The two main reasons there is a greater difference between the value of your home and the current balance of your mortgage are:

  1. You are consistently making payments, which reduces the outstanding principle balance.
  2. You snagged a home on a piece of property that has increased in market value since your purchase.

Either way, you are reaping benefits of living in an up and coming neighborhood, or paying down your mortgage balance. The difference between the value of your home and what you owe on it is growing wider.

The point is, as the gap widens, the equity in your home is growing. That equity is cash you might have available to you for whatever purpose you have. How do people spend that money? It depends on the person and their circumstances. Here are a four of the most common:

No. 1 Home Equity Use: Home renovation

After years of family living, a home might start to feel a little worn and used. Or, perhaps the appliances are showing their age or out of date. Or, as is often the case, your family has grown and you need more space. Instead of putting your house on the market, a facelift, expansion, or update might be the solution for you. Updating the house, adding on, or even installing new technology not only makes things feel new and fresh, but could add to the value of your property as well.
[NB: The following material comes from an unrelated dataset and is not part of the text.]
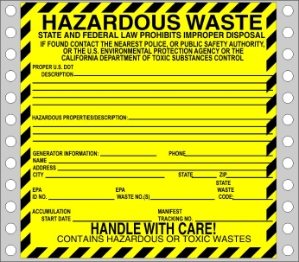 WL110 waste labels, hazardous waste, non regulated waste, universal waste, drum labels, hazardous labels, waste, D.O.T., cfr49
Then, when you decide to sell and relocate, you have an even more valuable asset.

No. 2 Home Equity Use: Debt reduction or consolidation

Are education loans, car loans, and credit card bills weighing heavily on your shoulders? That weight can make getting ahead difficult – financially and emotionally. Investing in a Home Equity Line of Credit (HELOC), which is commonly referred to as a home equity loan, you may have a chance to consolidate your current debts with a payment at a lower interest rate.

No. 3 Home Equity Use: Investment

Homeowners often use their equity to invest in either more real estate, savings investments, or even the stock market. Investments are always risky. You always want to earn more than you put in, but it’s never a sure deal to make. If you decide to use your equity for this purpose, it is in your best interest to take a deep dive and research any potential investment and/or find an advisor you trust to help you make the best decisions.

No. 4 Home Equity Use: Treat yourself

Some people decide that the hard work of consistently paying off loans and debt should be rewarded. A family vacation or a long-wished-for adventure or holiday is possible using the accrued equity. It is the opportunity to build memories, too!